(dedicado aos cubanos profissionais da Medicina, cuja consciência humanizada defende-se da discriminação com seu trabalho em prol do bem-estar das minorias excluídas da cidadania, suprindo a omissão de imensa maioria de colegas mercantilistas)
A composição do preconceito e a evidência das discriminações dele decorrentes, duplamente associadas à condição de emergência das diferenças, ocorrem tanto pela afirmação e manipulação da condição da desigualdade quanto por sua insistente negação ou dissimulação. Em ambos os casos, o não reconhecimento das diversidades, ou a falta de respeito a elas, se fazem presentes, criando novos padrões de violência.
Refletir acerca desse elo entre o preconceito e a violência é enfatizar as diversas formas de discriminação e exclusão, compreendendo os parâmetros jurídicos em relação a 'co-existir' e a 're-conhecer'; é observar as ciências sociais diante da criação dos contrastes; é destacar os fundamentos conceituais da categoria 'preconceito' e suas variáveis, relacionadas à rejeição e exclusão social; é identificar os mecanismos do 'preconceito' e as correlações 'divergência–preconceito', 'imagem e racionalização' do outro.
A categoria social da includência/inclusão, neutralizada pelo valor negativo atribuído pela condição da separação (de cor, raça, sexo, classe etc.), tem sido a marca da sociedade brasileira durante séculos, a resultar numa sociedade hierarquizada, onde distintos segmentos não têm acesso a deveres e direitos, além de reger suas relações por dissemelhantes 'códigos de honradez'.
Como somos uma República, tais disparidades, no entanto, se tornam objeto de estigma, não sendo capazes de despertar um sentimento de universal admissão enquanto legítimos símbolos de conduta.
Do ponto de vista jurídico, temos uma sociedade que prega -como signo do preconceito- a idealização desprovida de identidade na pluralidade de seus membros, acatando apenas o acesso particularizado de alguns, seja aos bens materiais, seja aos bens culturais, em valoração positiva à desigualdade substantiva de todos os seus partícipes. Uma sociedade fadada à instauração da violência nas suas nuances materiais e emblemáticas.
O preconceito se contrapõe às qualidades de caráter, como 'lealdade', 'compromisso', 'honestidade', os propósitos afirmativos de valores atemporais.
As demandas nos múltiplos espaços das inumeráveis instituições sociais são fugidias e contrapostas às qualidades humanas que podem significar experiência acumulada e motivações de homens e mulheres decididos a provar seu valor através da efetiva participação na multiplicidade de setores institucionalizados.
Pela sua sutileza, caráter difuso e visibilidade de intromissão nas relações sociais, a eficácia e a ubiqüidade do preconceito são máximas, tanto em relação às práticas de controle, como às de dominação e subordinação em todas as categorias sociais. Manifestam-se como produtoras e reprodutoras de situações de controle, menosprezo, humilhação, desqualificação, intimidação, discriminação, fracasso e exclusão nas relações, inclusive, entre os gêneros, na esfera do trabalho, nas posições de poder, nos espaços morais e éticos e nos lugares de enunciação da linguagem.

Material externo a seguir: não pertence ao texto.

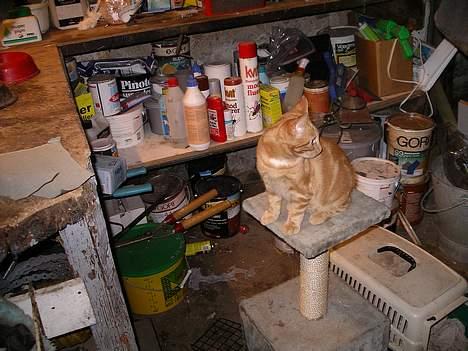 Blanding af racer garfield - nnnøøøjjj billede 4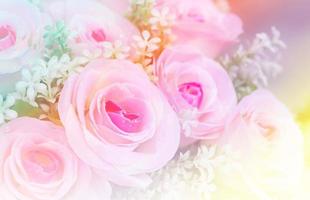 Pink rose flowers photo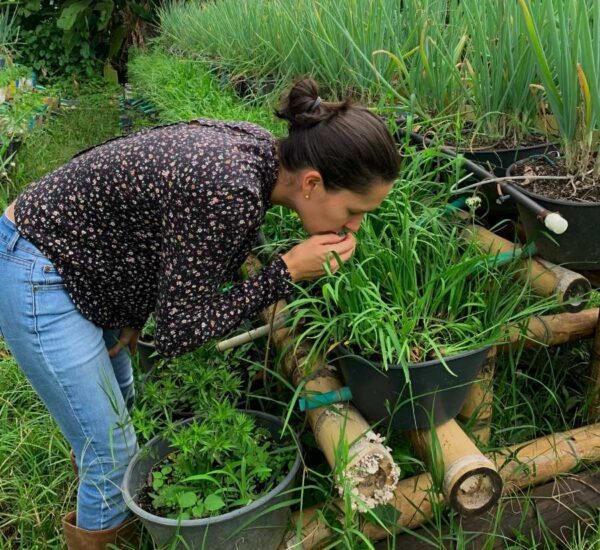 Fundadora de Tropical inspeccionando cultivos de hierbas aromáticas en huerto organopónico del Valle del Cauca.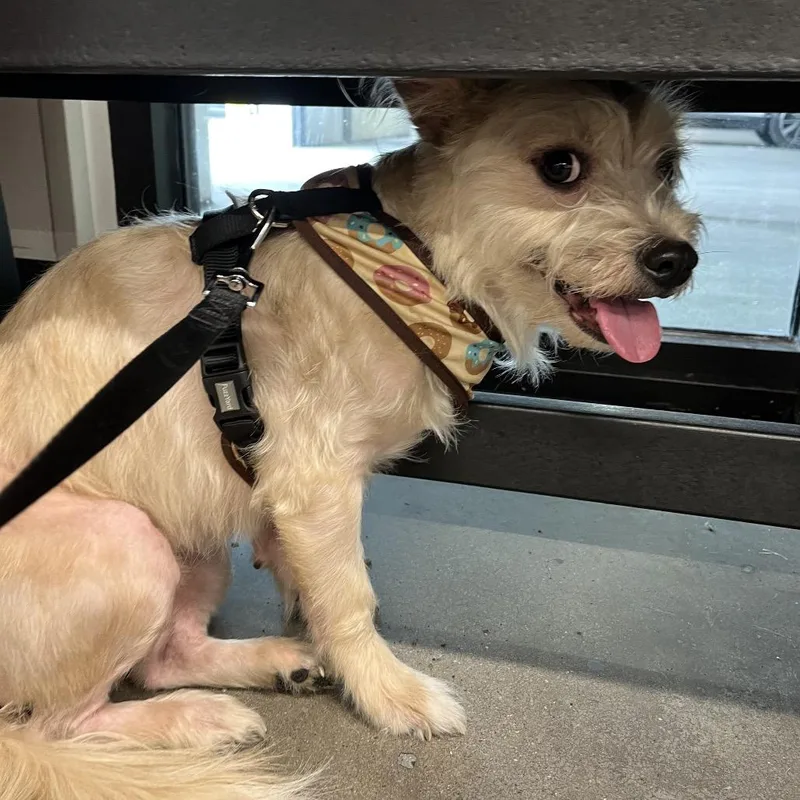 An adult small-sized female Yellow / Tan / Blond / Fawn Cairn Terrier dog named Nila for adoption in Tampa, FL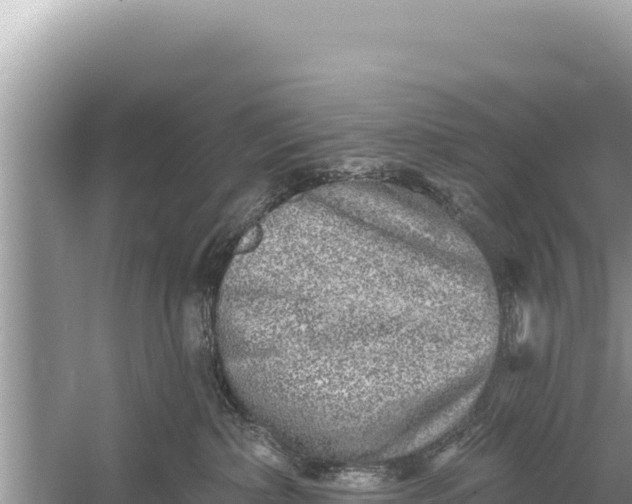 X0000059040236200510211942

E, ainda mais danosas, pois tão-somente forjadas em simulacros, surgem, muitas vezes, minadas pela chantagem afetiva ou disfarçadas por aparências afetuosas, atingindo drasticamente a auto-estima e a condição sócio-moral dos indivíduos alvos da segregação.
Já nessa dimensão, bastante imperceptível quanto de fato veraz, o 're-conceito' esconde o 'pré-conceito', sem, todavia, inovar, mas, ao contrário, re-afirmando o predomínio da arbitrária autoridade soberana.